[fluid dynamics] are they trying to use the ideal gas law for LIQUIDS?

[nonequilibrium]

In my course they're using the equality [itex]U = \frac{p}{\alpha \rho}[/itex] with alpha some constant (U = internal energy per mass, p = pressure, rho = density). They explicitly derive it for an ideal gas yet later apply it to a liquid (in the context of deriving the Navier-Stokes energy equation). Seems pretty unfounded... However, is there perhaps a reason we should expect such an equation to hold in more general cases?

NB: to see it follows from the ideal gas law, note that [itex]p = \rho \beta T[/itex] for some constant beta, and that [itex]U = \gamma T[/itex] (note that U is energy per mass, i.e. up to a constant energy per particle [itex]\propto k_B T[/itex])

 

[Studiot]

OK for any fluid you need an equation of state connecting P, V & T, which you can solve and differentiate for one in terms of the other two eg


[tex]dV = {\left( {\frac{{\partial V}}{{\partial T}}} \right)_P}dT + {\left( {\frac{{\partial V}}{{\partial P}}} \right)_T}dP[/tex]

For liquids in particular, Engineers commonly tabulate two quantities thus

The Volume Expansivity


[tex]\beta = \frac{1}{V}{\left( {\frac{{\partial V}}{{\partial T}}} \right)_P}[/tex]


Isothermal Compressibility


[tex]\kappa = - \frac{1}{V}{\left( {\frac{{\partial V}}{{\partial P}}} \right)_T}[/tex]


Putting these definitions into the above equation leads to


[tex]\frac{{dV}}{V} = \beta dT - \kappa dP[/tex]

For an incompressible fluid both β and κ are zero.

Now to link to ordinary thermodynamics


[tex]dH = TdS + VdP[/tex]

and

[tex]{\left( {\frac{{\partial H}}{{\partial T}}} \right)_P} = {C_P} = T{\left( {\frac{{\partial S}}{{\partial T}}} \right)_P}[/tex]

and (Maxwell)


[tex]{\left( {\frac{{\partial S}}{{\partial P}}} \right)_T} = - {\left( {\frac{{\partial V}}{{\partial T}}} \right)_P}[/tex]


Combining


[tex]{\left( {\frac{{\partial H}}{{\partial P}}} \right)_T} = V - T{\left( {\frac{{\partial V}}{{\partial T}}} \right)_P}[/tex]

Insert engineering definions


[tex]\begin{array}{l}
{\left( {\frac{{\partial S}}{{\partial P}}} \right)_T} = - \beta V \\
{\left( {\frac{{\partial H}}{{\partial P}}} \right)_T} = \left( {1 - \beta T)V} \right) \\
\end{array}[/tex]

Also


[tex]U = H - PV[/tex]


differentiate at constant temp


[tex]{\left( {\frac{{\partial U}}{{\partial P}}} \right)_T} = {\left( {\frac{{\partial H}}{{\partial P}}} \right)_T} - P{\left( {\frac{{\partial V}}{{\partial P}}} \right)_T} - V[/tex]

Thus inserting engineering definitions


[tex]{\left( {\frac{{\partial U}}{{\partial P}}} \right)_T} = \left( {\kappa P - \beta T} \right)V[/tex]


There is more if you want it.

 

[nonequilibrium]

Sorry I seem to be missing your point.
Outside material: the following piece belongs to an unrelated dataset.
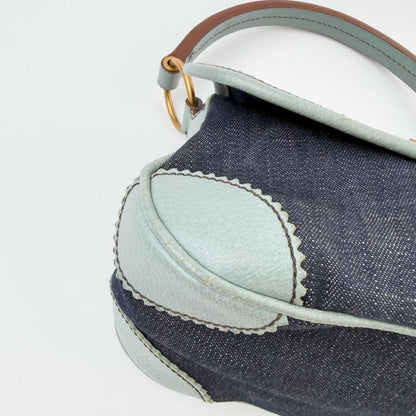 Miu Miu Denim Leather Trim Flap Handbag Indigo Light Blue Brown Gold Vintage — view 7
How does this answer my question?

 

[Studiot]

Are we not talking abou the same quantities, beta and kappa?

I just thought you'd appreciate some background.

 

[Studiot]

For an incompressible fluid there is no equation of state connecting P, V & T since V is constant.

For small compressibility it is common to integrate the fourth equation in my first post to yield


[tex]\ln \left( {\frac{{{V_2}}}{{{V_1}}}} \right) = \beta \left( {{T_2} - {T_1}} \right) - \kappa \left( {{P_2} - {P_1}} \right)[/tex]

 

[nonequilibrium]

The alpha's, beta's, gamma's I'm using are just symbols I used since I didn't want to specify what constants they were.

My question was if there is a justification for [itex]U \propto \frac{p}{\rho}[/itex] in a liquid.

 

[Studiot]

Well if you think about it, if the liquid is incompressible then density = a constant.

However the energy changes must go somewhere and the basic equation of energy balance in a flowing fluid is


[tex]\frac{D}{{Dt}}\left( {U + KE} \right) = P + Q[/tex]

if u is the internal energy per unit mass


[tex]u = U\left( {\rho dV} \right)[/tex]


[tex]\frac{{DU}}{{Dt}} = \rho V\frac{{du}}{{dt}}[/tex]

depending upon conditions you can use this in the energy balance to obtain a relationship between U, P and T

Is this what you are after?